*Given data*.
·····
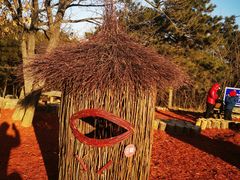 -北京西山国家森林公园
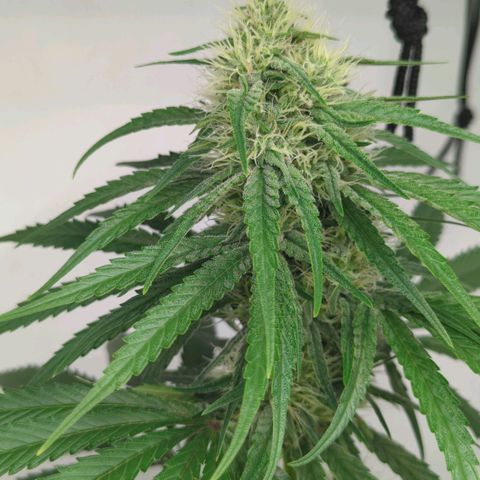 Gorilla Zkittlez #2 growlog timeline photo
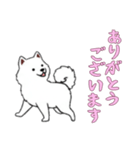 [ありがとうございます専用]サモエド（個別スタンプ：8）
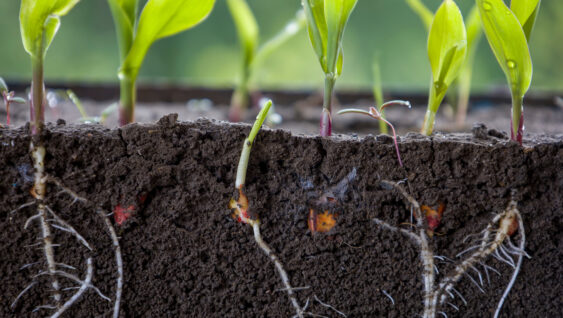 Fresh green corn plants with visible roots cutaway.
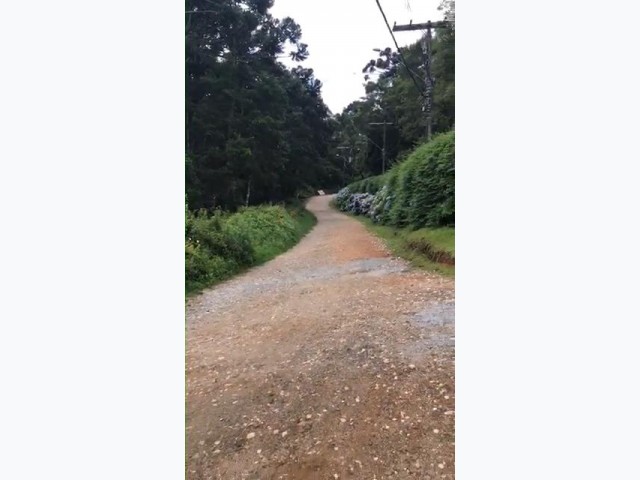 Terreno 3.750m², campos do jordão/sp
·····
*Requirement*. Lines from the one containing "Gorilla Zkittlez #2 growlog timeline photo" through the end of the listing, both included, are to be restated exactly, and pictures are to be left out.

*Reply*.
 Gorilla Zkittlez #2 growlog timeline photo
 [ありがとうございます専用]サモエド（個別スタンプ：8）
 Fresh green corn plants with visible roots cutaway.
 Terreno 3.750m², campos do jordão/sp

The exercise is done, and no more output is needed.